Una vez me preguntaron que para qué quiero tener a
una sola persona con la que compartirlo todo si puedo tener a varias con las
que compartir diferentes cosas. Yo le pregunté que porqué iba a querer tener a varias
pudiendo tenerlo todo en una. No tardé tiempo en encontrar la respuesta. Las
personas nos fallan.
Pero también nosotros fallamos a las personas. De hecho, a
veces nos fallamos a nosotros mismos. No es complejo de entender, es como
querer aprender a dividir sin saber multiplicar. Empezar la casa por el tejado no
debería pasar de la canción.
Cuando se pierde a alguien en quien has depositado todo también
te pierdes a ti mismo. Es como si se llevaran una parte de ti para siempre.

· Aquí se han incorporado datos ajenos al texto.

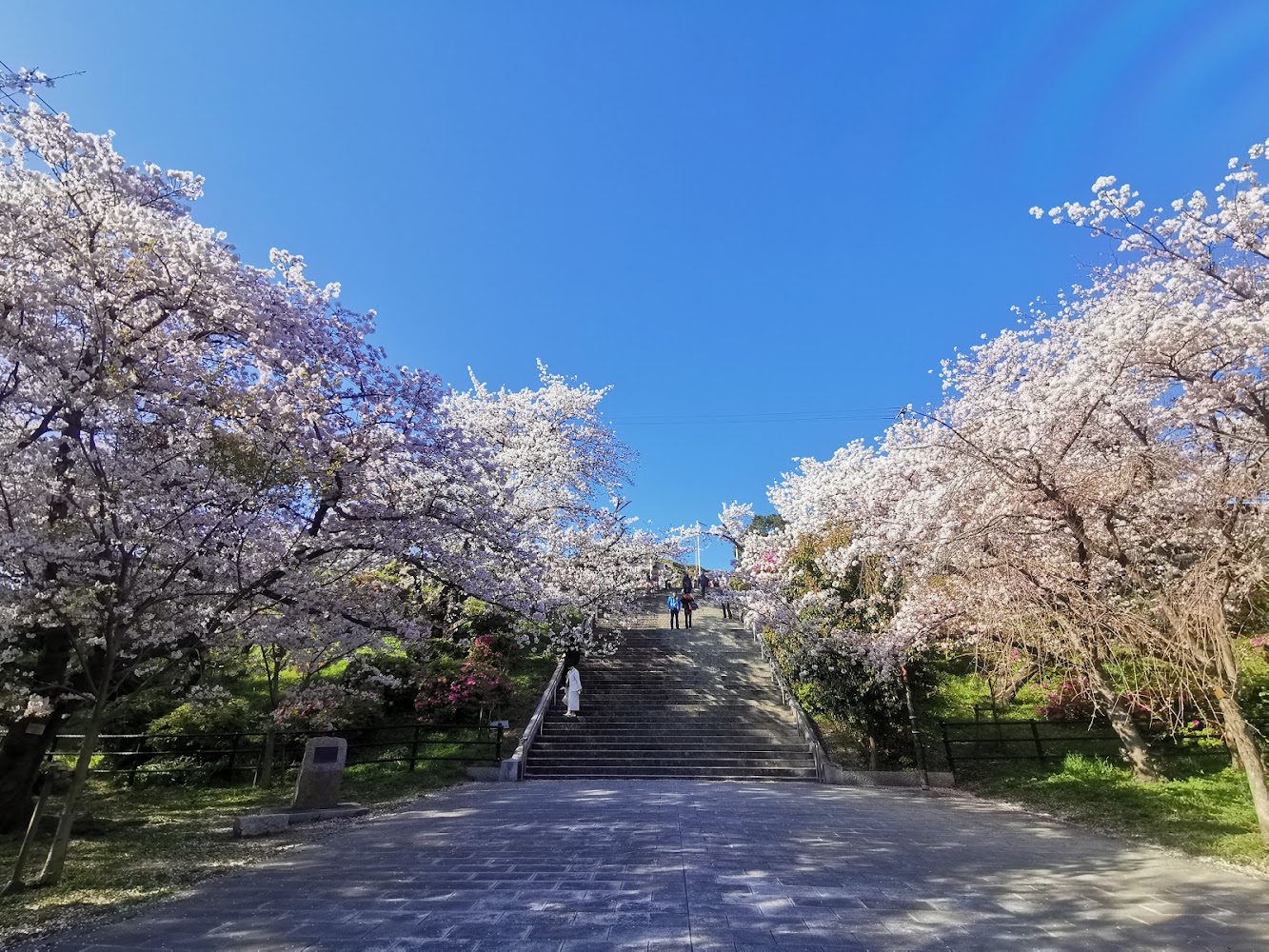櫻花景點必看！2025年不可錯過的賞櫻勝地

Queda más de nosotros en ellos que en todo lo que queda de nosotros. Y desde ahí,
tras un periodo de autocompasión, lectura de libros de autoayuda y beligerancia
con nuestra triste existencia, uno empieza a reinventarse, a recoger las
cenizas que quedaron tras el incendio y a crear una nueva hoguera, listos para
arder de nuevo. Esta vez mejor conocedores del desenlace, pasamos de ser
principiantes a jugadores profesionales del tiro en caída libre, parábolas
viciosas dibujadas sobre un eje infinito. Y así con todo. Sueños truncados,
planes que se fueron al traste, distancias que enfriaron sentimientos o
silencios que alejaron más que las distancias. Somos copas que se llenan y se
vacían constantemente, pero con un pequeño matiz. Cada vez que nos llenamos
aprendemos algo para la próxima. No volcarnos hasta el final.

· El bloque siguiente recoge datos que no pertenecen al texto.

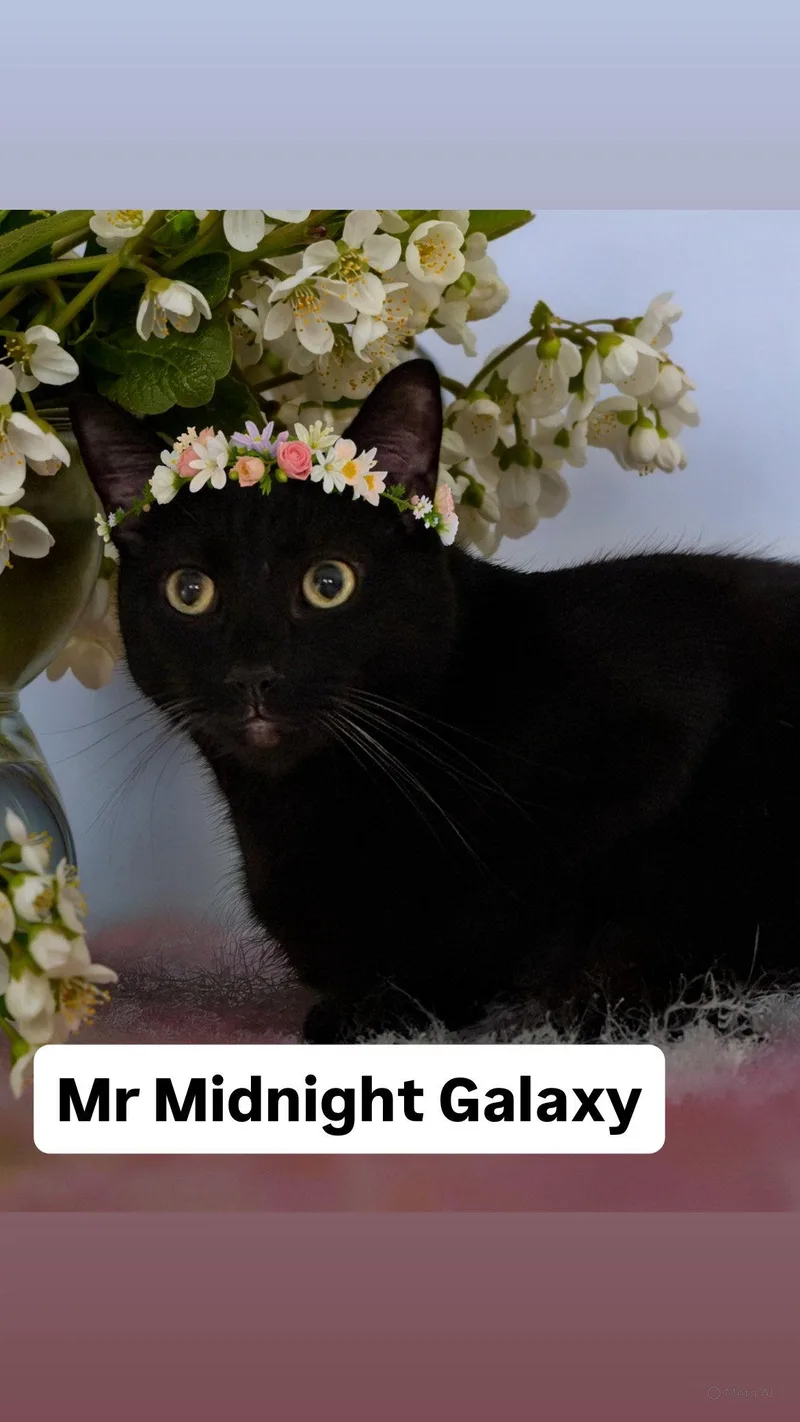 An adult medium-sized male Black Domestic Short Hair cat named Mr Midnight Galaxy At for adoption in Walnut Creek, CA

Es cierto que el que mucho abarca poco aprieta, pero al
final es mejor eso a quedarse sin nada. Basar toda nuestra vida en un solo
sueño, en un único proyecto, en una sola persona es idílico, pero arriesgado.
El día en el que fracasa aquello en lo que basamos nuestra existencia pierde
sentido toda nuestra vida, y nuestro tiempo es demasiado limitado como para
apostarlo todo en una.
Pero no, seguimos esforzándonos por conocer a esa persona
especial, por encontrar ese clic que
nos cambie la vida. No queremos darnos cuenta de que es contraproducente volcar
nuestra existencia en una sola cosa, que es mejor depositar pequeñas partes de
nosotros en diferentes rinconcitos del mundo en el que vivimos, por si un día
algo nos sale mal, poder seguir teniendo de donde tirar.

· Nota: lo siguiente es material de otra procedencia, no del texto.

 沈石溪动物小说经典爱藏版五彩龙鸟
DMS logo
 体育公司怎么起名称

Pero como siempre, el maldito pero. El corazón es fuerte
pero inexacto. No podemos medir cuánto dar, ni cuánto recibir. A veces nuestro
propio ser nos incita a volcarnos, vaciarnos y llenarnos. Regalamos lo que
somos sin pensar en lo que recibiremos a cambio, y cuando ocurre eso es mágico
porque, aunque no siempre encontremos lo que esperamos, a menudo ganamos la
experiencia de no volver a caer en el mismo error. Aunque caigamos.
La verdad, aún me lo sigo preguntando.